Of the entries below, return only those lines from the line with "323 - A VINTAGE" to the line with "CID enters Mamata", exactly, both included.

[Material for this task]

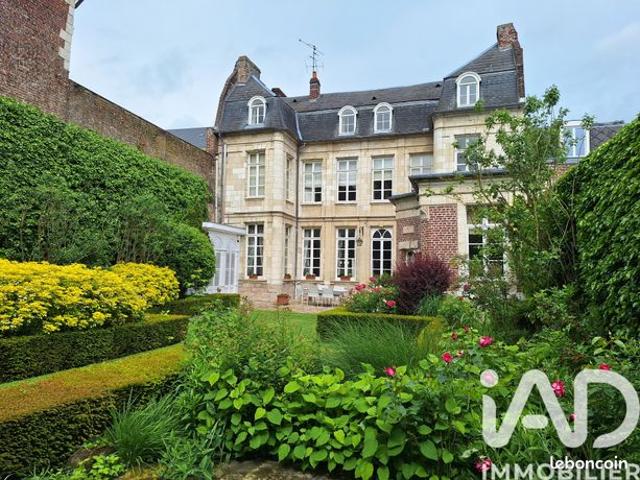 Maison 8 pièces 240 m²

[/Material for this task]
[Material for this task]

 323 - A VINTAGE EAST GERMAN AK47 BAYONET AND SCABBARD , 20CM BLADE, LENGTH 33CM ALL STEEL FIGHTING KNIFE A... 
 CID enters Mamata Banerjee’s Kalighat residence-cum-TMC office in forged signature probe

[/Material for this task]
[Material for this task]

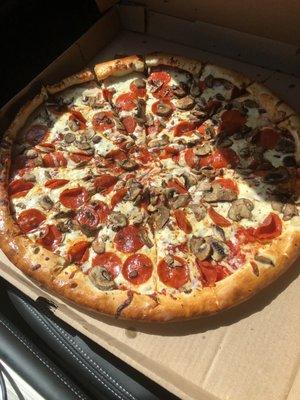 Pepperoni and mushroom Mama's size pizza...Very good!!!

[/Material for this task]

> [Solution to this problem]:
 323 - A VINTAGE EAST GERMAN AK47 BAYONET AND SCABBARD , 20CM BLADE, LENGTH 33CM ALL STEEL FIGHTING KNIFE A... 
 CID enters Mamata Banerjee’s Kalighat residence-cum-TMC office in forged signature probe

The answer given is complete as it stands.